Now this is our subject this night. He asked for a son; he was promised a son. Then we are told in the story, as he dreamed and the son was mentioned, he made this statement, he fell on his face and laughed when he was told he would have a son. And said he, “Shall a man who is a hundred years old have a son? Shall Sarah, who is ninety years old, bear a child? And said that he laughed—is this the laughter of derision, laughter of incredulity, or the laughter of rejoicing? We’re told in the scripture of John that “Abraham rejoiced that he was to see my day; he saw it, and was glad” (John 8:56). You can take it in any form you want. Either you can say, well, he laughed because of disbelief, or he laughed, he rejoiced he was to see my day; he saw it and was glad.

Now when we read scripture, we’re not reading secular history, we’re reading divine history. Man is not aware of that. The Bible is a vision. It is a mystery to be known only by revelation. And those who think they know it by trying to analyze it they’re far removed from the truth. It comes by revelation and only by revelation. If you haven’t had the experience, listen to one who has had it, and either believe him or disbelieve him. Don’t try to rationalize it. So I will tell you and I have told you what I have seen, and you will not accept my testimony. Seeing and knowing in the Greek are one. Seeing is experiencing. He is telling you, I have experienced it and you will not believe it, because I can’t share it with you on the level where you now live.

And so here, what is he trying to tell us in this story of falling asleep and being told what must happen to man? Well, first of all, we’re reading in the Hebrew. Every letter in the Hebrew world, as it were, has a numerical value and a symbolical value. He was a hundred years old. The nineteenth letter of the Hebrew alphabet is Qoph. If you want to sound it, Q-o-p-h, Qoph. We put a q in the q. The symbol of it is “the back of the head.” The number, its numerical value is a hundred. A man is not a hundred years old. This is a mystery. Here is a hundred., a hundred what? The number of the back of the head. He is being told you will bear a son; it will come from the back of your skull. And so you will say, he fell on his face and laughed. That’s ridiculous on this level. It comes from the womb of a woman. But he is told, he’s a hundred years old, and you will bear a son, and it will come from the back of your skull. Well, you can take the laughter in any way you want, either the laughter of disbelief, or, as we’re told in the Book of John, the 8th chapter, rejoicing. “He rejoiced that he was to see my day; he saw it, and was glad”(verse 56).

Now we are told in this story, your descendants will be sojourners in a land that is not theirs. It’s this world. We don’t belong here. These garments belong here. Every garment in this world is part of the eternal structure of this world. No matter what you do, it’s part of the eternal structure of this world.
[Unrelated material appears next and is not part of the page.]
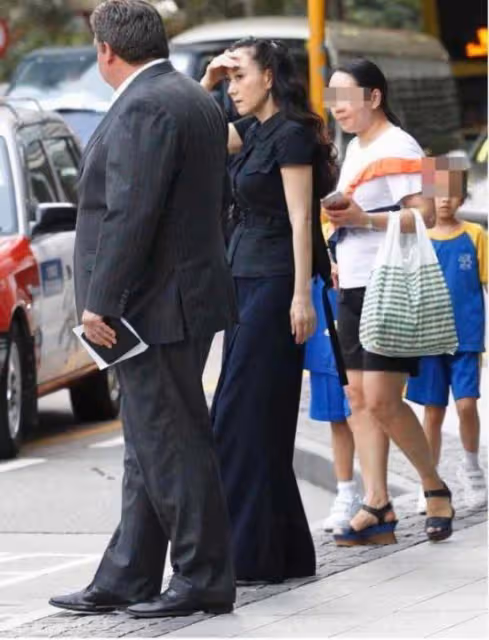 李連杰真丟了寶!62歲黃秋燕越活越美,61歲利智蒼老明顯似老奶奶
When Kennedy was shot, that is taking place forever and forever as part of the structure of this world, and the one who pulled the trigger is pulling it forever as part of the structure of this world. God gets into this world as a sojourner and in this is the land that is not his as it were. In this he is as a slave: “took upon himself the form of man and became obedient unto death, even death upon the cross” (Philippians 2:6-8). Death upon the cross—we think it took place on the north shore of Africa two thousand years ago.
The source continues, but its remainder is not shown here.